This invention relates to novel pentapeptides and, more particularly, to synthetic analogues of the naturally-occurring pentapeptides, Met-enkephalin and Leu-enkephalin.
It has recently been established that morphine and other opiates initiate their pharmacological effects by complexing reversibly with opiate receptors, which are stereo-specific components of vertebrate synaptic membranes distributed heterogeneously in the mammalian nervous system. A number of endogenous peptides which appear to serve as natural ligands for these opiate receptors, have been demonstrated to exist in brain, pituitary, human cerebrospinal fluid and human blood. The first of these natural ligands to be identified was extracted from porcine brain by Hughes et al. (Nature, Volume 258, Page 577, 1975) and termed "enkephalin," which was found to be a mixture of two pentapeptides having the formulas H-L-Tyr-Gly-Gly-L-Phe-L-Met-OH (Met-enkephalin) and H-L-Tyr-Gly-Gly-L-Phe-L-Leu-OH (Leu-enkephalin).

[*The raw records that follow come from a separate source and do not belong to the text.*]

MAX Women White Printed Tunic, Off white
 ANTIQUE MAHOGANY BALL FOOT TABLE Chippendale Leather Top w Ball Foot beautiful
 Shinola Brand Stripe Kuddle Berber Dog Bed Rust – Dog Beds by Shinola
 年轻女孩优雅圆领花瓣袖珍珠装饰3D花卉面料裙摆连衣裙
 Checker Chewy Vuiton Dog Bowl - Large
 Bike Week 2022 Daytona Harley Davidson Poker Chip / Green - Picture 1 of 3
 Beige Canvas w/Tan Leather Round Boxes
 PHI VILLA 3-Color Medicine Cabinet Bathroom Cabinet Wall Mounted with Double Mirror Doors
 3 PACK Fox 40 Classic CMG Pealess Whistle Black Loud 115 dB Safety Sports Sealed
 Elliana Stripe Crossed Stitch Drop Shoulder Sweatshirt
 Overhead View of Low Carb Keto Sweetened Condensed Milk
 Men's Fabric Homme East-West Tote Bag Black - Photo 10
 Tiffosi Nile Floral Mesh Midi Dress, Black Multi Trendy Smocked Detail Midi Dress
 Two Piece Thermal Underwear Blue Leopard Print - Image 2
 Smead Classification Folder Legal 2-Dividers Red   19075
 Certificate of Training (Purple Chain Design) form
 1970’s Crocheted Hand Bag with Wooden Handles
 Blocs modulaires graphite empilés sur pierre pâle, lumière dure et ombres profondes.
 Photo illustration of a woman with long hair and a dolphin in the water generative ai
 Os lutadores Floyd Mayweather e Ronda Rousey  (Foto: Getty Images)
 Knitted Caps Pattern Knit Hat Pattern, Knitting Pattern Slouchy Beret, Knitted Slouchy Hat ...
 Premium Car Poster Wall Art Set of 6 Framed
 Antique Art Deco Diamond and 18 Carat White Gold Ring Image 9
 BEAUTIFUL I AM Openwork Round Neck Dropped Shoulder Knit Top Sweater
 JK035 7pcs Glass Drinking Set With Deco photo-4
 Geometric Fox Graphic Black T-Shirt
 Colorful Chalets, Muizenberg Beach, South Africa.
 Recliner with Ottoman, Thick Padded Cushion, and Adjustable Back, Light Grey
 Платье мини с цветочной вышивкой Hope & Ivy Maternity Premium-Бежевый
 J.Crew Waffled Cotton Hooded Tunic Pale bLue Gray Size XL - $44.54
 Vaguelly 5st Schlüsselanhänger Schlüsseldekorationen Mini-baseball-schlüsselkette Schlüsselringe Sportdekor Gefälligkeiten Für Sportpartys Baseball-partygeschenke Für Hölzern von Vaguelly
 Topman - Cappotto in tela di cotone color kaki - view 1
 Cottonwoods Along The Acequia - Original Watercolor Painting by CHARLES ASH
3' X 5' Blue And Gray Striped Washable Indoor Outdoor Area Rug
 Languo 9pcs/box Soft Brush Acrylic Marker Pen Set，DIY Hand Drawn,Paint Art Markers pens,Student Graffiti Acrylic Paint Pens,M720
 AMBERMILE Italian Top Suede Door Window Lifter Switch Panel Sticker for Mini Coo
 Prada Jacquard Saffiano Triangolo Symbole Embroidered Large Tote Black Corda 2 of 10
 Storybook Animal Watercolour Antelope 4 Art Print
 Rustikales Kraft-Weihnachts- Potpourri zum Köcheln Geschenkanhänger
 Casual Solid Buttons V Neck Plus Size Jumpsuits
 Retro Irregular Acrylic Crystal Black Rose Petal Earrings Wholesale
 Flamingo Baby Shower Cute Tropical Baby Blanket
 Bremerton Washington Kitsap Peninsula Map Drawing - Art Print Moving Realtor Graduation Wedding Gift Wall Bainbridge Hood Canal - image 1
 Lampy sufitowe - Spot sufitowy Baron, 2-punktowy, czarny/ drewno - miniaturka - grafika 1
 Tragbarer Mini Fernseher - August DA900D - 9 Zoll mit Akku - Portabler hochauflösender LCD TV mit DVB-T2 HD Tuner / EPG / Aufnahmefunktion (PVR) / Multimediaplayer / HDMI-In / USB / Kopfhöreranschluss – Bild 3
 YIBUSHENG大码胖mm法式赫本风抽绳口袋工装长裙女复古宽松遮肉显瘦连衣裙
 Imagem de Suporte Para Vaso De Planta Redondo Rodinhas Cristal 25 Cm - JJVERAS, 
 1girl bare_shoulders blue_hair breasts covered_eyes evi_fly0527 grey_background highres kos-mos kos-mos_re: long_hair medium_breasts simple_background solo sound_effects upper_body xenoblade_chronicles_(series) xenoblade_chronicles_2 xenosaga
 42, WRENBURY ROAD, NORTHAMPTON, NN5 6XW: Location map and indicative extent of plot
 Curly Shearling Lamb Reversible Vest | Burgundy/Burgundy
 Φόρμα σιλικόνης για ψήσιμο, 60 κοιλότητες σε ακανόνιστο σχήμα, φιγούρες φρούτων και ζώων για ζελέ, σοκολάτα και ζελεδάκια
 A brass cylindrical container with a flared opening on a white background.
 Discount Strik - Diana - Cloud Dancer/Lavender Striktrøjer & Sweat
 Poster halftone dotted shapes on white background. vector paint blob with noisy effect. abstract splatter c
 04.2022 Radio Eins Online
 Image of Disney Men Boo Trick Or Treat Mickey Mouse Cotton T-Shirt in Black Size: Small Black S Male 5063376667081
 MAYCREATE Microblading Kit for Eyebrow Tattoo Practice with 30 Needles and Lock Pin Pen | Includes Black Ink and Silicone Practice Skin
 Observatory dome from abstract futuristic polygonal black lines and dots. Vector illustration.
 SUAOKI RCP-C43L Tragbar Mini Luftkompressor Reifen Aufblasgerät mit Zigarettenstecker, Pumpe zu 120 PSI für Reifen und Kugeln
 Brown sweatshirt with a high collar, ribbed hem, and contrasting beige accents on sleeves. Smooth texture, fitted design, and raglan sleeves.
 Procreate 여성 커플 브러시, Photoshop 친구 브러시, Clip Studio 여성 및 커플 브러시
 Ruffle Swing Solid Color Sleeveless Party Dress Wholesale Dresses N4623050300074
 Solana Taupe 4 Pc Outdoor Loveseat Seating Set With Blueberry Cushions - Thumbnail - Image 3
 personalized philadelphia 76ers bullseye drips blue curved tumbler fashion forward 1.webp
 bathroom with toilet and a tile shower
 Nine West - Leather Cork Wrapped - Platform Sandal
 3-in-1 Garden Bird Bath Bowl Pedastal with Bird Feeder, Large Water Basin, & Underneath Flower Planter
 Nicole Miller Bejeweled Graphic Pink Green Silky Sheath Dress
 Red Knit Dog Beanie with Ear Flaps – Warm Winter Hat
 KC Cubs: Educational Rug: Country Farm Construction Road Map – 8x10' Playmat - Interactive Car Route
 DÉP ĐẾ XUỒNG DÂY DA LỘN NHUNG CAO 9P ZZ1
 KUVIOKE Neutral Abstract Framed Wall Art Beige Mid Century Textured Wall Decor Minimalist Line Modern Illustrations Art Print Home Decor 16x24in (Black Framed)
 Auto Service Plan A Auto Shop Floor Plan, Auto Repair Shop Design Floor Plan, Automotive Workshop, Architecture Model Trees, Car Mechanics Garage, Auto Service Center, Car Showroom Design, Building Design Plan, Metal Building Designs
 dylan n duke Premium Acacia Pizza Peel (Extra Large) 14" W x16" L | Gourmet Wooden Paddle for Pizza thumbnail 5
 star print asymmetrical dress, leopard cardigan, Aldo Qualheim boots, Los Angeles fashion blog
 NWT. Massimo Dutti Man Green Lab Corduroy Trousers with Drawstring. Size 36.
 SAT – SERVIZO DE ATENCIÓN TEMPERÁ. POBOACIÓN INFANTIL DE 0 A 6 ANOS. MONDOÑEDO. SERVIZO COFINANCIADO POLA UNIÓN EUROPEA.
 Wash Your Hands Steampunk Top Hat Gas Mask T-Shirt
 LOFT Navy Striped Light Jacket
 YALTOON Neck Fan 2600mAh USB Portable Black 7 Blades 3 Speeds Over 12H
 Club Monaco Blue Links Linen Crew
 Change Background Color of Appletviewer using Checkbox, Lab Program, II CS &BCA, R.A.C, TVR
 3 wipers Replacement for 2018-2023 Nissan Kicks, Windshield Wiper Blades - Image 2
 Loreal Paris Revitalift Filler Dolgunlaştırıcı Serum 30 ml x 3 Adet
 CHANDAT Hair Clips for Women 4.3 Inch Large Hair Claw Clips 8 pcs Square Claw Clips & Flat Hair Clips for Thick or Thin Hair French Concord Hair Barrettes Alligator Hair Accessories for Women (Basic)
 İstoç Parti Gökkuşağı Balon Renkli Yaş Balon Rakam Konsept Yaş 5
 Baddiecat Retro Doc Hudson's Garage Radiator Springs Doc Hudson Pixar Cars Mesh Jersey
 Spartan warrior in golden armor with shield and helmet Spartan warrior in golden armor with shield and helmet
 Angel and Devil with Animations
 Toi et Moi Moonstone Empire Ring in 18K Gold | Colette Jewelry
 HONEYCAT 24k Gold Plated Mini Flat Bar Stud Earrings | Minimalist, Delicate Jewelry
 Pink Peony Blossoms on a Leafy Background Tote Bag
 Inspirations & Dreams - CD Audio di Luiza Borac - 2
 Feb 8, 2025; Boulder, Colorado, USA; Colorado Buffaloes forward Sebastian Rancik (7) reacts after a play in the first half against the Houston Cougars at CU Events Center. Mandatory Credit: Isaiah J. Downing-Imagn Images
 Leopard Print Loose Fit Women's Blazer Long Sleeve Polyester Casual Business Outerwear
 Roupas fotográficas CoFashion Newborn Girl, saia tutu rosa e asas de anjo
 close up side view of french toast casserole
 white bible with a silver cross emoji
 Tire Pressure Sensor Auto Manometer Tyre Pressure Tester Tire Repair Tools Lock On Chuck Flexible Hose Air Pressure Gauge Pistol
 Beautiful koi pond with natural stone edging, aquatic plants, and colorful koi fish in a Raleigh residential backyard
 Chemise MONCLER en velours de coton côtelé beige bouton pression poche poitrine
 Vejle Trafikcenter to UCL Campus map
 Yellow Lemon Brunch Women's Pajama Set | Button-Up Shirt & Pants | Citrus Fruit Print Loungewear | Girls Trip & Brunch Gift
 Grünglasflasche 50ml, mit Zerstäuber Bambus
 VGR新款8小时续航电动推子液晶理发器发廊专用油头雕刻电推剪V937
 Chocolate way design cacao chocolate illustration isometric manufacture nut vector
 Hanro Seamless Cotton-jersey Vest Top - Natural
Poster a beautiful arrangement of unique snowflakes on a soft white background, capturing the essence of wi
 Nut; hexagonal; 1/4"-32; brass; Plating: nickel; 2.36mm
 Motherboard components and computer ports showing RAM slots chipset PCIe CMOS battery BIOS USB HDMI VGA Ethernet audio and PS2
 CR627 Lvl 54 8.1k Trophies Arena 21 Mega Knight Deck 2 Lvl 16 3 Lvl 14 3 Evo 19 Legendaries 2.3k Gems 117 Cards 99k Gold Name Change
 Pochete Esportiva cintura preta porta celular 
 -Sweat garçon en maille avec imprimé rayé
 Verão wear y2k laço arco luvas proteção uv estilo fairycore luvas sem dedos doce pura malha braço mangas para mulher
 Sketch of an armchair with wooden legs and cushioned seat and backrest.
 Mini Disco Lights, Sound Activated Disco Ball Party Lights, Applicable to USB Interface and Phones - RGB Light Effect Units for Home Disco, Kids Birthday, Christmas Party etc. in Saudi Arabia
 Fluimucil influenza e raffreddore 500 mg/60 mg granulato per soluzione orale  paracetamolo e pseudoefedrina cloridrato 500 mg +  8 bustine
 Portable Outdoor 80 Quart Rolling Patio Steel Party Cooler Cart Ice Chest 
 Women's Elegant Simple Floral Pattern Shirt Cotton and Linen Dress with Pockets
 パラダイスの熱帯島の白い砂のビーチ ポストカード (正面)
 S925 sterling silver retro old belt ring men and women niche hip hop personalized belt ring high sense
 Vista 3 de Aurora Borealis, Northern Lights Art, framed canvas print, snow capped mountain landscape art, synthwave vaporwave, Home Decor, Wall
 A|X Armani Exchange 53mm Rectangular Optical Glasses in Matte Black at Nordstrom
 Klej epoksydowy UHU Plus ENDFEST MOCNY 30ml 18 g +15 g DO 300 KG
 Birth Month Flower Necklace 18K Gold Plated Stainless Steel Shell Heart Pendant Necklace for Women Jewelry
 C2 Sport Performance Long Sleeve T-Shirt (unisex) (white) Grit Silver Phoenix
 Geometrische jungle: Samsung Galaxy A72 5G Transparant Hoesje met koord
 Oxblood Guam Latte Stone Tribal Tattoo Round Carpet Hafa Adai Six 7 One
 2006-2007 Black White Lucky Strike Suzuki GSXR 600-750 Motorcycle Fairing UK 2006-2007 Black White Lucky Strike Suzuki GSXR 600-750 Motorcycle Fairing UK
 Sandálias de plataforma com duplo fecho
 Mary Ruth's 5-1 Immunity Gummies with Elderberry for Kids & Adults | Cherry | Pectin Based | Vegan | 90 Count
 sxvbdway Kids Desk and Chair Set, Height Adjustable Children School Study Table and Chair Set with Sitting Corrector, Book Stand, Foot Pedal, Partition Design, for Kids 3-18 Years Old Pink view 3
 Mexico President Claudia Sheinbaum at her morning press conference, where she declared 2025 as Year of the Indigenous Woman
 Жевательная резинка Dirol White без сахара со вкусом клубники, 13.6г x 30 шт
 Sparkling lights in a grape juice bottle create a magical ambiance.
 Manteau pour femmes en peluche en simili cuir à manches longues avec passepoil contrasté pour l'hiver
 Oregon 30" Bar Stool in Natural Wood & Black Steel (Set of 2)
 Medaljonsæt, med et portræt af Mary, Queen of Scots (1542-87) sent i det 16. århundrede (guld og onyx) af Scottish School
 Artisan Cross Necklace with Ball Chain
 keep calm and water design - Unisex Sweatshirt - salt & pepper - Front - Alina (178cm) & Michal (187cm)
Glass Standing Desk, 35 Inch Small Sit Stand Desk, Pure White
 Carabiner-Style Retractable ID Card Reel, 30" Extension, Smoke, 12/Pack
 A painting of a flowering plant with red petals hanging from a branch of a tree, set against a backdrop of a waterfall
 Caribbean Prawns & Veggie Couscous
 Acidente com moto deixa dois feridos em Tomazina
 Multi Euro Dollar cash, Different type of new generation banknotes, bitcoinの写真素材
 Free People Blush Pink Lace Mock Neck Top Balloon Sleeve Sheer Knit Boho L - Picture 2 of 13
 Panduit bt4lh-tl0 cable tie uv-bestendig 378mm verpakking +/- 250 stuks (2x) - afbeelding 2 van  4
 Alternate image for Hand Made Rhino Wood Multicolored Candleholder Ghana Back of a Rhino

Both enkephalins when tested in vitro have been found to have a high affinity for opiate receptors, which is generally predictive of opiate potency in vivo. However, extremely high quantities of enkephalin (120-200 .mu.g) are required to elicit analgesia when microinjected into rat cerebral ventricles and brain. Thus, Met-enkephalin is at least 50-fold weaker than morphine as an analgesic despite the fact that it possesses about half of the affinity of morphine for rat brain opiate receptors. Moreover, Met-enkephalin's mild analgesia dissipates completely in several minutes, even when injected directly into active brain sites where morphine induces analgesia which persists for several hours. This apparent discrepancy between in vivo and in vitro potency is explained by the finding that enkephalin's affinity for opiate receptors is rapidly and efficiently destroyed by the action of body enzymes which cause degradation of the peptide bonds. Hence, due to its only very transient pharmacological effects, enkephalin has little, if any, potential therapeutic value.